The Shins are a band that started their career fairly innocuously. Their debut album certainly caught the ear of a lot of people with its 60s inspired melodic sensibilities and songwriting, but through a series of events following that, they truly blew up into something beyond what probably anyone expected. After releasing their insanely-catchy second album Chutes Too Narrow, the group were featured prominently not only musically, but as a small part of the plot (including a character played by Natalie Portman speaking the line, "the Shins will change your life.") in the surprise hit Garden State. Along the way, the group toured the world and has to date sold over a million copies of their first two releases combined.
After that runaway success, it's understandable that they might have wanted to take a little bit of a breather. Arriving almost three and a half years after their last album, Wincing The Night Away is the groups follow-up statement, and it will certainly confuse at least a good portion of fans of their previous work. It's definitely still a Shins album, as singer James Mercer holds every track together with his unique voice, but this is by far the most obscured album they've done. It's as if the group wrote their normal songs, then switched out the guitars in places for synths and other instrumentation, while willfully trying to mislead listeners in places.

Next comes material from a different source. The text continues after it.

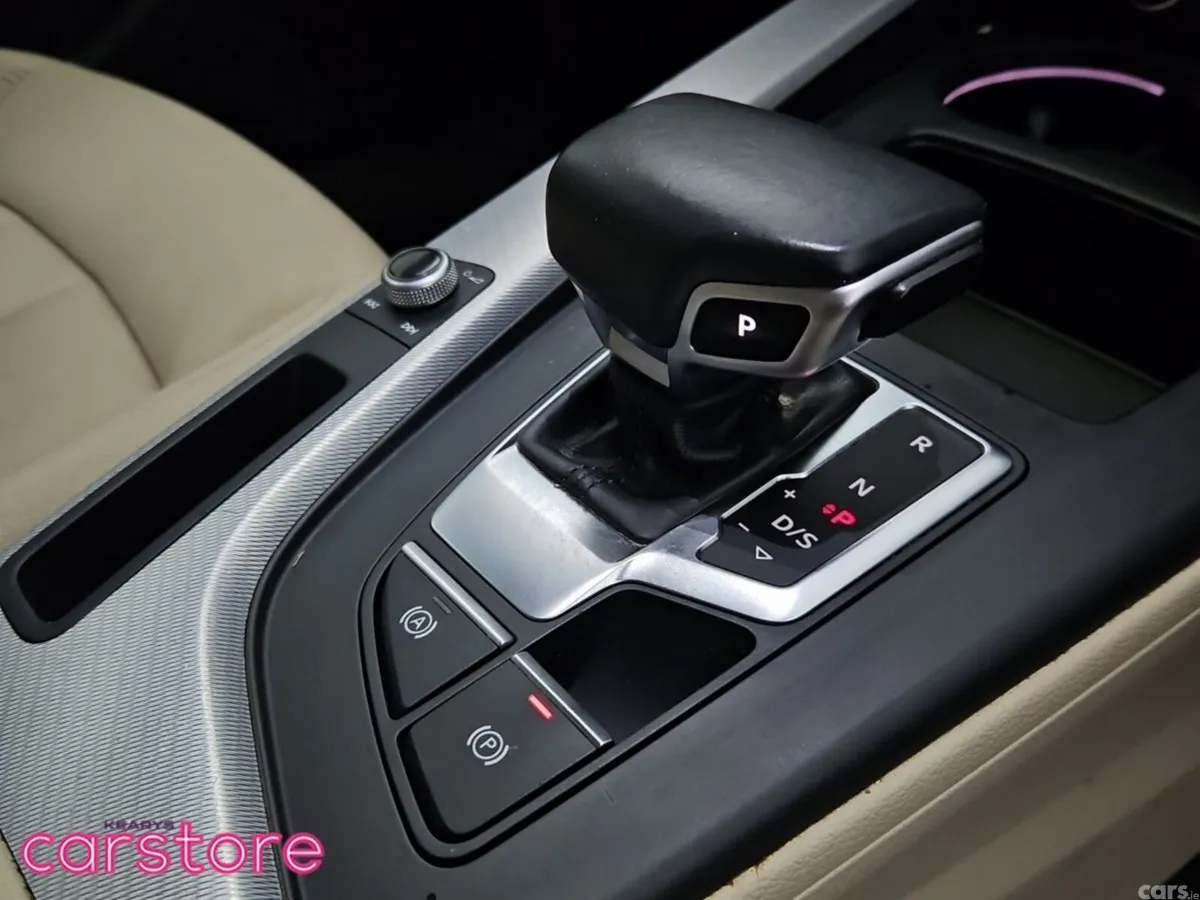 Audi A4 Saloon, Diesel, 2022, Black
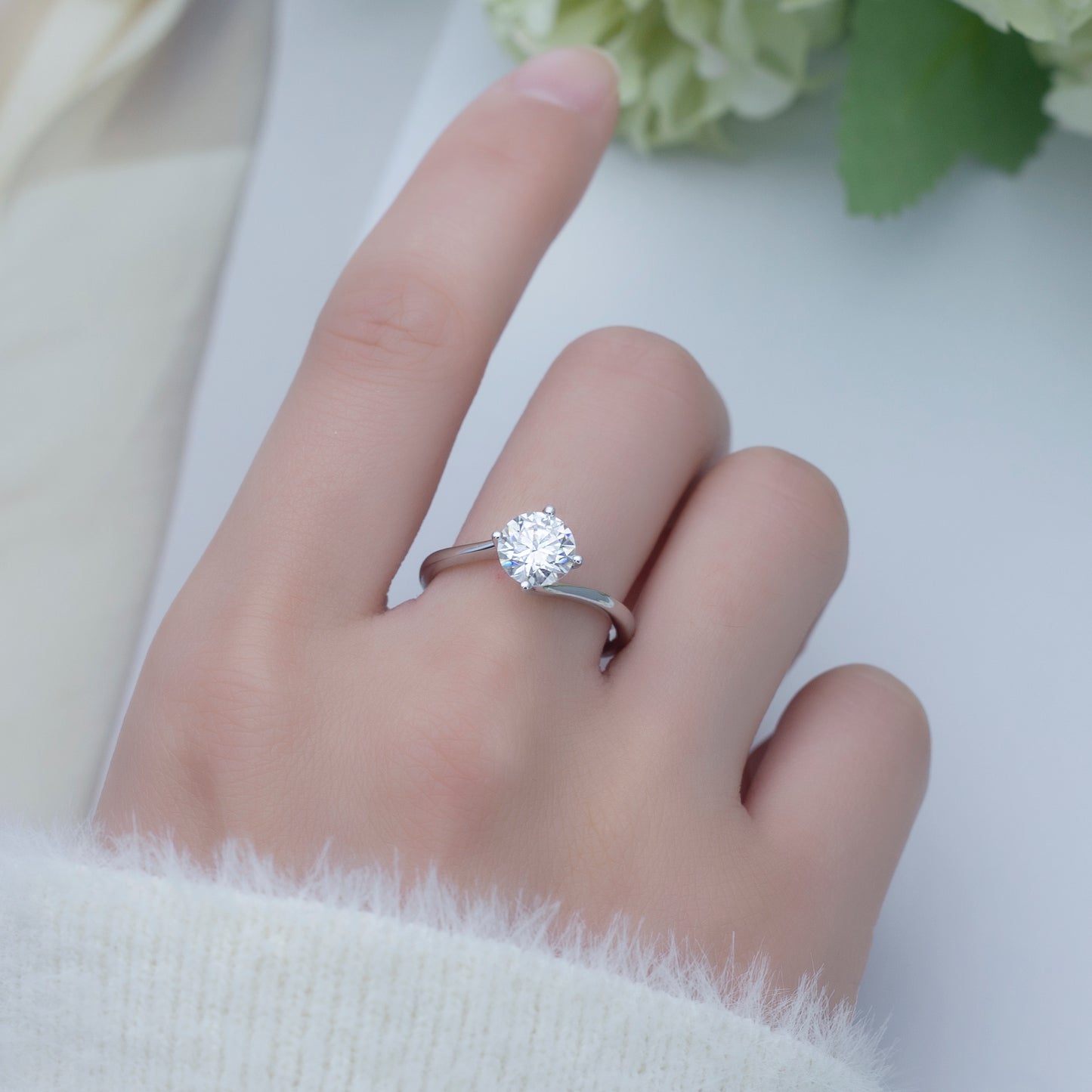 Eco-657: Quiet Orbit – Anillo solitario de diamantes cultivados en laboratorio en oro blanco de 18 quilates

In places, the completely new palette of sounds does wonders for the group's sound, resulting in some of their most dizzying work to date. The first half of album opener of "Sleeping Lessons" is all quiet guitar strums and a repeating electronic melody that lulls you into a false sense of wonder before the group bursts forth and blows out the second half with soaring vocals, crashing drums and loud layers of guitars. "Split Needles" is closer to what you'd expect from the group, but again they take a slightly more aggressive route while layers of glitchy orchestral synth sounds build some great tension in places.
In other places, this new experimentation just doesn't work quite as well. "Sea Legs" shuffles along with sort of a hip-hop beat and some acoustic guitar strums and light synths. Despite the nice vocal work from Mercer, the long track simply sounds like a reach, with chord changes that muster little surprise. Meanwhile, both "Red Rabbits" and "Black Wave" find the group stripping back to ambient washes, guitars, and vocals. With some watery percussive elements and an overly cheeky feel, the latter just doesn't seem to go much of anywhere, while the latter builds some tension with a bit of a feedback squall at the end but likewise saps album energy.
There's still a handfull of rollicking pop tracks (like "Australia," "Turn On Me," and "Girl Sailor") that the group can seemingly write in their sleep at this point, but in large point Wincing The Night Away as a whole is both inconsistent and even odd in sequencing. In other words, it sounds more like a group clearing their heads and trying to decide which direction to go in next rather than a solid and certain next step. After all their recent success, perhaps they're just trying to separate their true fans from those who latched on after being lured in by a quirky movie character. If that's the case, the group will likely get their wish, as this newest release still has plenty of great moments, but they're not as immediately obvious as in the past.